AI Insight
This paper identifies a mass conservation inconsistency in established nonlinear models describing thin liquid films laden with soluble surfactants flowing down an inclined surface, specifically in the models of Pascal et al. (2019) and D'Alessio et al. (2020). The authors trace the problem to an error in the reduction of the surface transport equation and propose a corrected boundary condition that guarantees exact conservation of total surfactant mass throughout nonlinear evolution. Because the discrepancy only manifests at the nonlinear order, the linear stability analysis of the original models remains valid, which explains why the defect went undetected.
Why it matters
Accurate conservation of surfactant mass is essential for reliable simulations of coating flows, biofilm dynamics, and industrial processes involving thin-film stability, so correcting this inconsistency improves the physical fidelity of widely used reduced models. This work provides a practical and straightforward fix that can be readily incorporated into existing computational frameworks.

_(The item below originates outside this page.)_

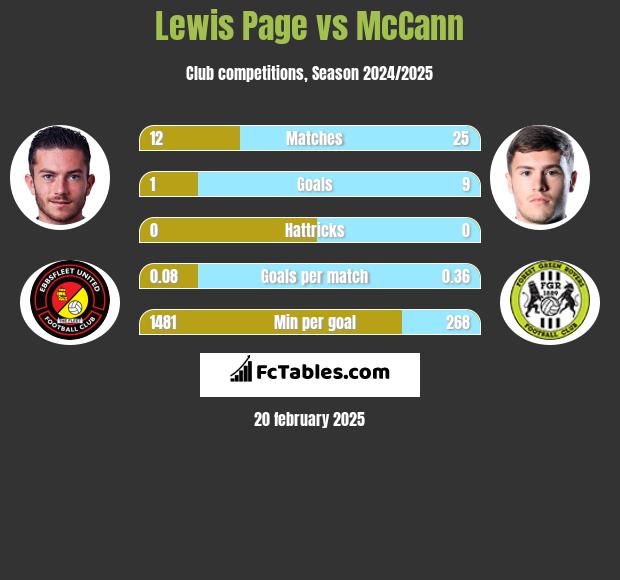 Lewis Page vs McCann h2h player stats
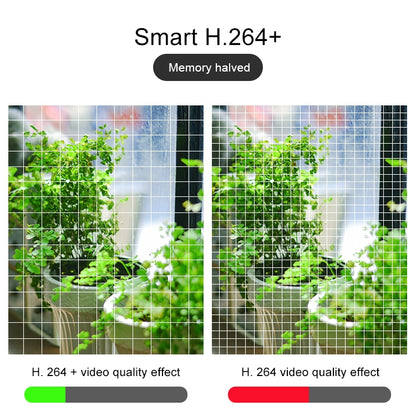 Q4 2.0 ล้านพิกเซล 1080P HD กล้อง IP ไร้สาย, รองรับการตรวจจับการเคลื่อนไหวและเสียงสองทางและอินฟราเรด Night Vision และการ์ด TF, ปลั๊ก US, Q4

arXiv:2605.19427v1 Announce Type: cross
Abstract: A conservation-consistent boundary condition is proposed for nonlinear models of soluble-surfactant-laden falling films, ensuring exact conservation of total surfactant mass. The formulation resolves an inconsistency in widely used reduced models, Pascal et al. (PRF, 2019), D’Alessio et al. (JFM, 2020), which exhibit a gradual drift of mass during nonlinear evolution in a closed periodic domain. We show that this originates from an inconsistency in the surface transport reduction and derive a corrected boundary condition that removes this defect. As the discrepancy appears only at the nonlinear order, linear stability results remain unaffected, explaining why the issue has remained unnoticed.